Raina Merchant, MD, MSHP, learns by listening--not only to the patients in her care, but to social media conversations and crowdsourced health information that provide new perspectives on how people think. “Our world is changing and we have an opportunity to engage people where they are,” she said.
As the director of the Center for Digital Health, Merchant leads an interdisciplinary team exploring how to mine health data from social media platforms to help clinicians better understand the public’s health-related knowledge and needs. “You can really learn by listening to what patients have to say online,” says Merchant.
For example, in a recent study, Merchant and her team compared Yelp patient hospital reviews to federal hospital patient satisfaction reports. They discovered that the federal government’s reports lacked 12 categories of common patient concerns found on Yelp. The missing categories, including “compassion of staff,” “quality of nursing” and “billing department interactions,” could provide a more nuanced view of overall hospital quality. In another study, her team searched through 10 billion tweets and analyzed more than 550,000 of them to demonstrate the potential utility of Twitter for studying communication about cardiovascular health.
Merchant joined Penn as a Robert Wood Johnson Clinical Scholar and has been an LDI Senior Fellow since 2007. Much of her work focuses on using social media and crowdsourcing to understand patients’ needs and perceptions, and translating research findings into more effective care.
As the child of a teacher and a doctor, Merchant had a service-oriented upbringing in South Texas and Chicago. “I became really interested, in a very generic sense, in helping people and doing something where I felt I could make a difference in my community and my work,” she notes. In medical school, a rotation in the emergency room brought her ambitions into focus as Merchant found herself excited by the opportunity to be the first person to help patients, especially cardiac arrest patients who have extremely immediate needs.
But the challenges were obvious. “We couldn’t predict which person would have their heart restarted and which person wouldn’t. I was really struck by the challenge of not knowing who would live and who would die, and I started doing research in this area,” she explains.
Merchant realized life-saving assistance was available even before a patient reached the emergency department in the form of automated external defibrillators (AEDs).
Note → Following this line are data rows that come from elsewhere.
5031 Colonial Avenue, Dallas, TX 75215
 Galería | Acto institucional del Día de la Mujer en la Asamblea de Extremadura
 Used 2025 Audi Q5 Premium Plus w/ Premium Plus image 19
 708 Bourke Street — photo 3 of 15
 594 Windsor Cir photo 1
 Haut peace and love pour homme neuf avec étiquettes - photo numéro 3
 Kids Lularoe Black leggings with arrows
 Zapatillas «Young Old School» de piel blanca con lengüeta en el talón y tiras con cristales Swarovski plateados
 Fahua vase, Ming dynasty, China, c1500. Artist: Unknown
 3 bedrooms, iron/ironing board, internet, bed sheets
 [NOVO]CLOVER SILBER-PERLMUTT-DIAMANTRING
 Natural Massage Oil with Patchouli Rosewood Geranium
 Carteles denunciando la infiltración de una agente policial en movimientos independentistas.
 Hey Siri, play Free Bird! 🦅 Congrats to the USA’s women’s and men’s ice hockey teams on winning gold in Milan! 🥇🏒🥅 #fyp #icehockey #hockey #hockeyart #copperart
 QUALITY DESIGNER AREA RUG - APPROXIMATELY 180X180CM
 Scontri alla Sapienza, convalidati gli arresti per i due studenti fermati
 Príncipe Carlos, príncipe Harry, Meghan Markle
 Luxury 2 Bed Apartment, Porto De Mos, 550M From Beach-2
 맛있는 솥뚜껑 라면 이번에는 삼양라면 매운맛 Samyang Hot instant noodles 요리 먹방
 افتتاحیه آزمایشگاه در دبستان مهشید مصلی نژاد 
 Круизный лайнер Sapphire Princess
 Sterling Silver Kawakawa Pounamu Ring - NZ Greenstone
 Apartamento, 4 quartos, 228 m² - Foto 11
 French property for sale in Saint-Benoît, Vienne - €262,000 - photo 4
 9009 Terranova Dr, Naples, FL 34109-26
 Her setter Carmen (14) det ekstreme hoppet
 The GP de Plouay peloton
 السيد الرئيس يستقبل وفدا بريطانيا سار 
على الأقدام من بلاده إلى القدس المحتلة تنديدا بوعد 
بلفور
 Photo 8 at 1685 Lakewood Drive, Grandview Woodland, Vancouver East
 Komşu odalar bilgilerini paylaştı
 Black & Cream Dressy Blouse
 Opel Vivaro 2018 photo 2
Although AEDs are placed in accessible, public locations, non-medical people often didn’t know where to find them or how to use them. Merchant created the MyHeartMap Challenge, an ongoing social media and crowdsourcing project to improve public awareness about AEDs by collecting submissions of photographs of the devices and information about their locations across Pennsylvania. The project creates citizen-scientists as it educates the public about AEDs.
Merchant is an Assistant Professor of Emergency Medicine at the University of Pennsylvania’s Perelman School of Medicine and has a secondary appointment in the Division of General Internal Medicine and Department of Anesthesia and Critical Care. She serves on several leadership committees within the American Heart Association, and is a program director of the National Clinician Scholars Program at the University of Pennsylvania.
Merchant has received the Robert Wood Johnson Foundation Young Leader Award, the American Heart Association Young Investigator Award for the Best of the Best Original Abstracts, Resuscitation Science National Meeting: “Where are lifesaving automated external defibrillators located and how hard is it to find them?” and the Society for Academic Emergency Medicine Excellence Award. Merchant completed a BA in Psychobiology at Yale University, a medical degree and residency in Emergency Medicine at the University of Chicago, and a Masters of Science in Health Policy Research at Penn.